**Listed entries**
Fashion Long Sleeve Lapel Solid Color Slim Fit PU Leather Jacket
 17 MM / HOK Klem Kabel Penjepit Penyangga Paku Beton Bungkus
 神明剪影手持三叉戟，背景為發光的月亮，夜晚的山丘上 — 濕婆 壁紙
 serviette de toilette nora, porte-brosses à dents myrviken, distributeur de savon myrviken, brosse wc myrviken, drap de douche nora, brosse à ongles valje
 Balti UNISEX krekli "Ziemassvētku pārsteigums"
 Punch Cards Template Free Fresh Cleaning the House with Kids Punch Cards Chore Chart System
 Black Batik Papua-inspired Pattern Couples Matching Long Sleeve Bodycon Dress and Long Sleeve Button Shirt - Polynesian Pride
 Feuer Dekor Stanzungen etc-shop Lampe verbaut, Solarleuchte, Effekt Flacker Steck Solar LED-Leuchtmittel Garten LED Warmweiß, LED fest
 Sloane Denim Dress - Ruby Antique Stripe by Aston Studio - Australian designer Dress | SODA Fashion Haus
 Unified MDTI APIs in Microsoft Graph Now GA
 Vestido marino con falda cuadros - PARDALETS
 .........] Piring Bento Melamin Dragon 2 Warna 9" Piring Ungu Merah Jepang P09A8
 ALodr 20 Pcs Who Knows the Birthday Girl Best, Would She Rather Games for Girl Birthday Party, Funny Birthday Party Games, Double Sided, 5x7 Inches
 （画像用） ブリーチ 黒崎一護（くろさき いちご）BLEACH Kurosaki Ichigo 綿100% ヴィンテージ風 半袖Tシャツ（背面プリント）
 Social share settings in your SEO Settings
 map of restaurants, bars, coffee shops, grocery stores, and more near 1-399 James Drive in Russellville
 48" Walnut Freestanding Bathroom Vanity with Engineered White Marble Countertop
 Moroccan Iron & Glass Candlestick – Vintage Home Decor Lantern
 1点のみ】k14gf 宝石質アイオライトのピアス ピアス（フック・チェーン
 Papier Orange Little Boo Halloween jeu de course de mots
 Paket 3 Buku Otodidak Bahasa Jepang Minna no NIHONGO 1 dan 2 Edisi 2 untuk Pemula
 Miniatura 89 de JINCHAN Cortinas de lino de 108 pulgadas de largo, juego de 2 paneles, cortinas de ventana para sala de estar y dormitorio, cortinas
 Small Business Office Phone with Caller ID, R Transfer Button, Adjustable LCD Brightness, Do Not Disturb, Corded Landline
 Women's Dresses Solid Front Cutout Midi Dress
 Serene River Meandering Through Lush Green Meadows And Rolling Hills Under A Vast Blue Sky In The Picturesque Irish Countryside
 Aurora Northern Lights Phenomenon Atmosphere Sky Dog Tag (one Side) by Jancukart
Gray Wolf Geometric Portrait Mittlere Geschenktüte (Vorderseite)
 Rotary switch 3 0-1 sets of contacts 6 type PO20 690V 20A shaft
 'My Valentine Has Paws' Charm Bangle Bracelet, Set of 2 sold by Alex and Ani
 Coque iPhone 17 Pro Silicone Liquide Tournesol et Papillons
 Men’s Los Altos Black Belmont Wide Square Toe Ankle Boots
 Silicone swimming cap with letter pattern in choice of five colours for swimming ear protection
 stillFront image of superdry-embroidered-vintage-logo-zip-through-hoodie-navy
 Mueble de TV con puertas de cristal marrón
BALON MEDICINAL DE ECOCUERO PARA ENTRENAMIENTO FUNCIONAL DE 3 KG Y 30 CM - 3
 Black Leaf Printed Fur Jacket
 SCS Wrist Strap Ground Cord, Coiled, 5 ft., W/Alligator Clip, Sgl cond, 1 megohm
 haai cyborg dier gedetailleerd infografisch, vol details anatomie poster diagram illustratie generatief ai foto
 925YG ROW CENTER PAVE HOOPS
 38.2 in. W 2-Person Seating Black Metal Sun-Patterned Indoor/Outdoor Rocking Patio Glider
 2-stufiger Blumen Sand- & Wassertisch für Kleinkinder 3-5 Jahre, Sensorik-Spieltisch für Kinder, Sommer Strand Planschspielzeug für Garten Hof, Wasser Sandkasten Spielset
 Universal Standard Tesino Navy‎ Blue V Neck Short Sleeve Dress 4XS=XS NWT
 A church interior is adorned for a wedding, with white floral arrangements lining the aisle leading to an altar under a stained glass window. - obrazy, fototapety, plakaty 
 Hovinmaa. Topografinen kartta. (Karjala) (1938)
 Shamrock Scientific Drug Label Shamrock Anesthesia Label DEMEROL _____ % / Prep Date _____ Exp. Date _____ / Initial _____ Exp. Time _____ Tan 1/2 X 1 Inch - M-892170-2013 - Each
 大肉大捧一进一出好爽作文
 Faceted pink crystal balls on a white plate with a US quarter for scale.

**What is being asked**
Each line of the listing above that contains the word "Jacket" is to be copied.

**Expected answer**
Fashion Long Sleeve Lapel Solid Color Slim Fit PU Leather Jacket
 Black Leaf Printed Fur Jacket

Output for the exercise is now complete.